| Task instructions |
Please repeat the whole listing exactly, but leave out any picture it holds.

| Source material |
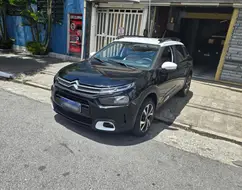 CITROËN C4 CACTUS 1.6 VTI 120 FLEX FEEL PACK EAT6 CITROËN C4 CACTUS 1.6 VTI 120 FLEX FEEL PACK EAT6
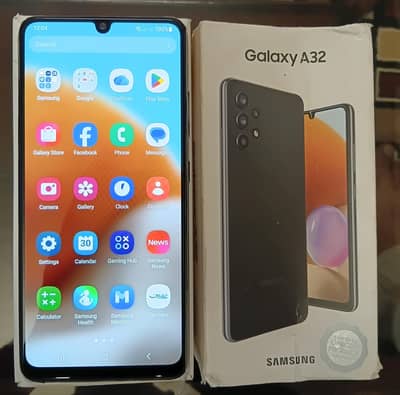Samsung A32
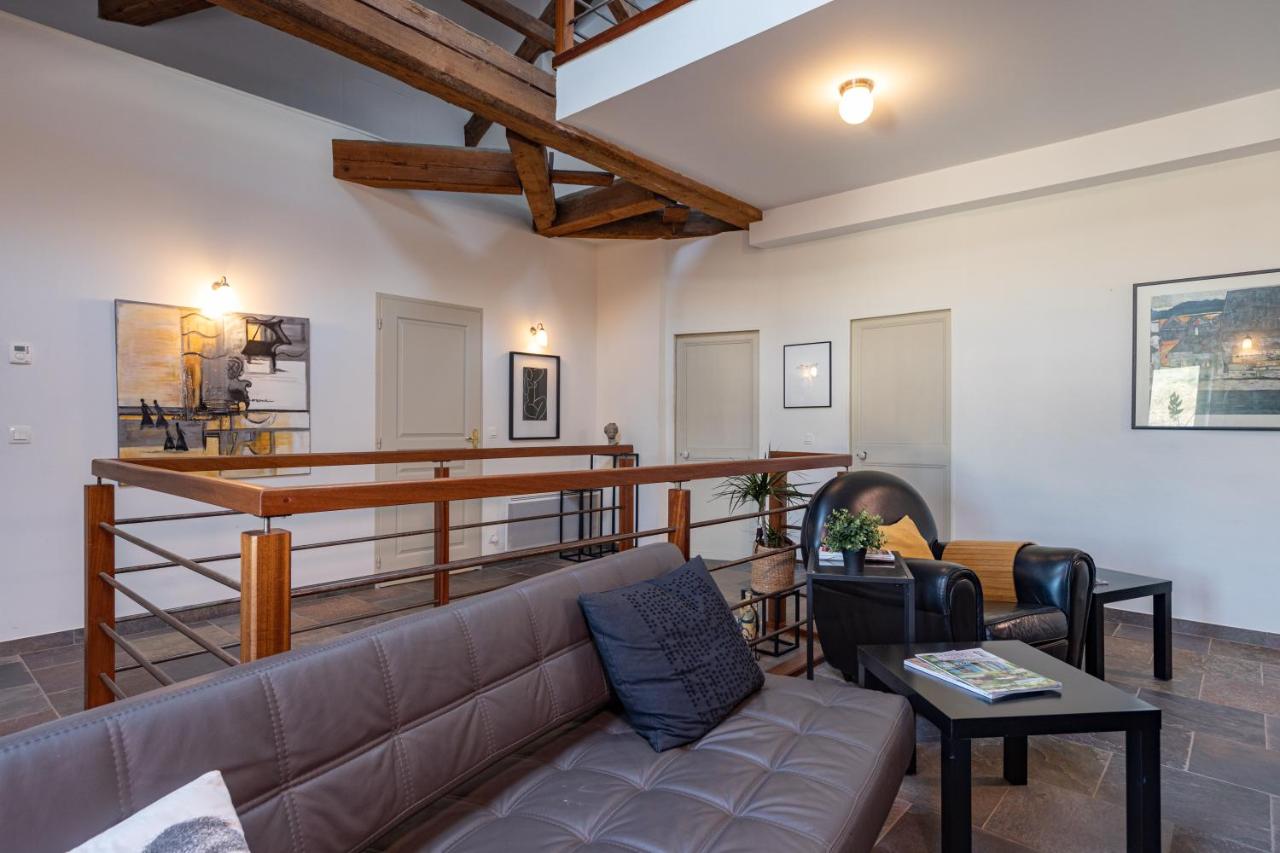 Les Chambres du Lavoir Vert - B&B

| Task answer |
 CITROËN C4 CACTUS 1.6 VTI 120 FLEX FEEL PACK EAT6 CITROËN C4 CACTUS 1.6 VTI 120 FLEX FEEL PACK EAT6
Samsung A32
 Les Chambres du Lavoir Vert - B&B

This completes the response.